Было неожиданно видеть, как скоро и прочно Бартас наследовал то болото, которое можно назвать «кинематографом Германа» - единственно внятным художестенным изобретением позднесоветского кино.
То кино, где фактура заменяет драматургию, где сомнамбулизм персонажа считается правдой его чувств, где вязкость и непроходимость изображения называют «слоистостью кадра» , где шаркающая материальность изложения считается единственным содержанием – такое кино вполне удалось Бартасу в фильме «Семь невидимых мужчин».

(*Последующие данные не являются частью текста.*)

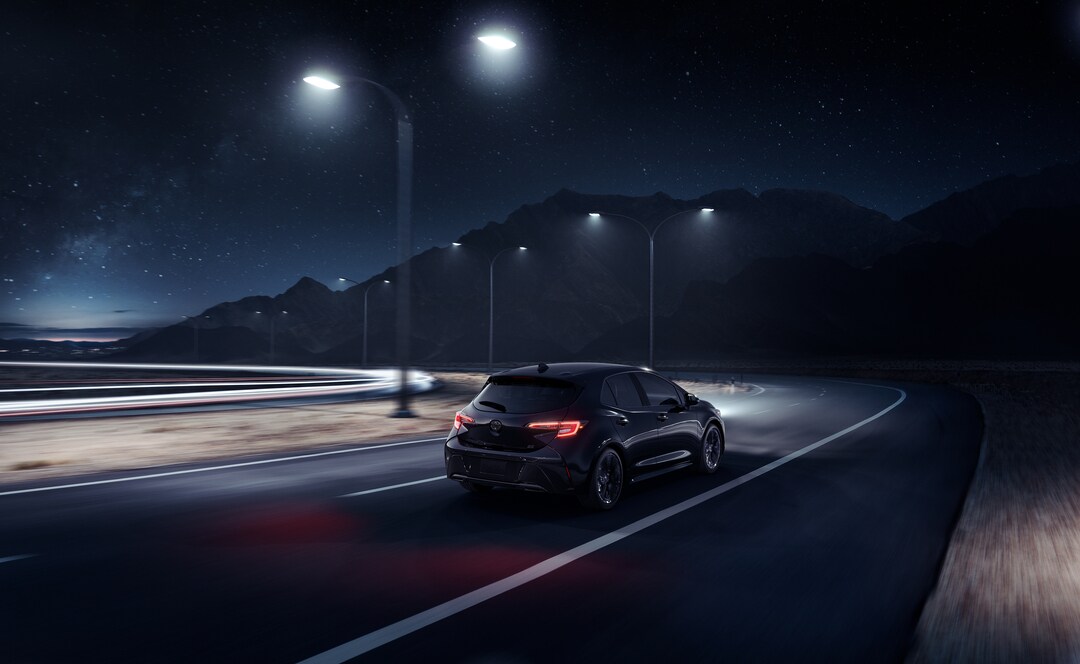 Toyota Corolla Hatchback on the road at night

Конечно, Бартас способнее своего выродившегося предшественника. Зритель может соотносить видимое им на экране не только с авторским альтер эго. Мы узнаем распадающийся, стремящийся к бесконечно малым велилчинам мир российской провинции.
В этой рассыпающейся действительности фигуры людей кажутся неуместно огромными и лишь случайно неразобранными на части так же, как разобрана на части действительность торжествующего небытия.
То, что перед зрителем оказываются не уроды, а вполне человекоподобные персонажи, можно объяснить лишь каким-то страшным недосмотром небесного хирурга. Та падаль, которая их окружает, вполне соответствует душевному разложению героев. Зритель видит случайно живых в неслучайно мертвом мире.
Этим людям некуда ехать, незачем жить, не с чего быть людьми. Фильм Бартаса похож на удушливо затянувшийся эпизод, в котором группа людей оказывается в каком-то общедоступном «конце всех путей». Это узнаваемая канва, хрестоматийная. В «Семи невидимых мужчинах» вообще много узнаваемого, и, кажется, это непроизвольный плагиат.
Так бывает, когда режиссер озабочен не историей на экране, а лишь материалом фильма, озабочен настолько, что атмосфера фильма, рельеф его и вещественность становятся единственными мотивами повествования.
И тогда всплывают неожиданными утопленниками киношаблоны, которые складывают за автора историю на экране.
Так в бессмысленном автопутешествии вялых люмпенов мы можем знать жлобоватый поэтизм Бумера», в пьяной деревенской оргии прочитывается тошнотворная сцена из фильма «4». В червивой спертой атмосфере всего фильма обнаруживается псевдохудожественная тусклость «Гарапстума». А в навязчивом, случайном символизме некоторых сцен сквозит крысино библейский Звягинцев.
Да и вся история очень напоминает преувеличенную театральную сцену, где герои томятся в заботливо подложенной автором «безысходности». Не хочется даже задавать
Вопросы по поводу некоторой вопиющей бессвязности и оборванности сюжета.
Эти вопросы, скорей всего, буду переадресованы безответному и прокаженному российскому пейзажу, которого много в этом фильме, что видимо должно обрисовывать нам мутные очертания вестерна.
У Бартаса привычно хорошо существуют актеры. Автор добивается животной органики их пребывания в кадре, добивается того, чтобы сбитое дыхание актера говорило нам больше о его предистории, чем это могли бы сделать любые пояснительные вставки. Видно, как актеры мучаются, пытаясь мычанием и колебаниями плоти рассказать о жизни своих героев.
Иногда это бывает удачно, как в случае с персонажем, которого играет Поднозов. Иногда мы видим актерски напрасные, пусть и самоотверженные потуги, как в случае с актрисой, играющей жену Поднозова. Иногда заметен простой непрофессионализм, как в случае с девушкой-любовницей.
Актеры бурлаками тянут воз замыслов автора, глубоко вязнув и выбираясь из трясины правдоподобного существования. Это и есть единственно оригинальный метод режиссера, создающий его самобытность и узнавание.
Любопытно, как быстро и неизбежно почти европейский режиссер, каким Бартаса можно вспомнить в «Нас мало», погрузился в безъязыкую, непроницаемую физиологическую ткань российской художественной ментальности.
Такой животный подход к кинематографу, в котором люди воспринимаются с точки зрения паталогоанатома-любителя, можно назвать «широким опытом жопы». И понятен тот мистический ужас, который нам пытается передать мастер и учитель такого кино А. Герман в свое «Хрусталеве», когда его героя насилуют лопатой.
Кажется, что генералу из «Хрусталева» не задницу мучают, а вырывают глаз, что, в общем, соответствует провидческому мироощущению Германа . Оказалось, что у такого кино есть много наследников, видимо, настолько сладка и разномастна плоть овеществленного персонажа.